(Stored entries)
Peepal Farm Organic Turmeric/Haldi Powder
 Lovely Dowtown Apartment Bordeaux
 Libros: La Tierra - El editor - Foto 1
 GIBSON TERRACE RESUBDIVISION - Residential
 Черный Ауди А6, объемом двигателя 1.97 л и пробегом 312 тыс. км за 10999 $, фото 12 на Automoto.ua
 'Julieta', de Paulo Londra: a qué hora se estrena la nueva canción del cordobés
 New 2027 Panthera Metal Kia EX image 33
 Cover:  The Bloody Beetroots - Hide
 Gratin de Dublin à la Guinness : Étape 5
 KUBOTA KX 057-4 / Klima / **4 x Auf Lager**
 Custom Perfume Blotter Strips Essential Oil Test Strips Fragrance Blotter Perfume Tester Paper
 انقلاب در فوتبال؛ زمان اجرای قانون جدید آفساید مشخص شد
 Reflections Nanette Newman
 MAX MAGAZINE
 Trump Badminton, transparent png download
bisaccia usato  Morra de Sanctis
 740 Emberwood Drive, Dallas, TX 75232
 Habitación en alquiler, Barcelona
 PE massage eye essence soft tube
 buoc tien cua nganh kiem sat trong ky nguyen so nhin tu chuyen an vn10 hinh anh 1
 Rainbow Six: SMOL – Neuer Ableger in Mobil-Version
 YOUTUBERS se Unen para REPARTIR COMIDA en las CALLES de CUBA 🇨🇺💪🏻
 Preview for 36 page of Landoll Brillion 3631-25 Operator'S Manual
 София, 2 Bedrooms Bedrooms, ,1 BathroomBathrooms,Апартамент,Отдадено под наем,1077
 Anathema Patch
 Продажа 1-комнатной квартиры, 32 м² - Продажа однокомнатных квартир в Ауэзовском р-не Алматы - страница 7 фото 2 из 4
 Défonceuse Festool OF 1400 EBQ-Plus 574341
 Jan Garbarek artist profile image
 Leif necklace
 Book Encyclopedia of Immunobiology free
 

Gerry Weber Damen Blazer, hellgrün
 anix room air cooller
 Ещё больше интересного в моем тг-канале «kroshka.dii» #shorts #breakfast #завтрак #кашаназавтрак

#### Your assignment:
Among the lines above, list those that contain the word "image".

#### Completed exercise:
 New 2027 Panthera Metal Kia EX image 33
 Jan Garbarek artist profile image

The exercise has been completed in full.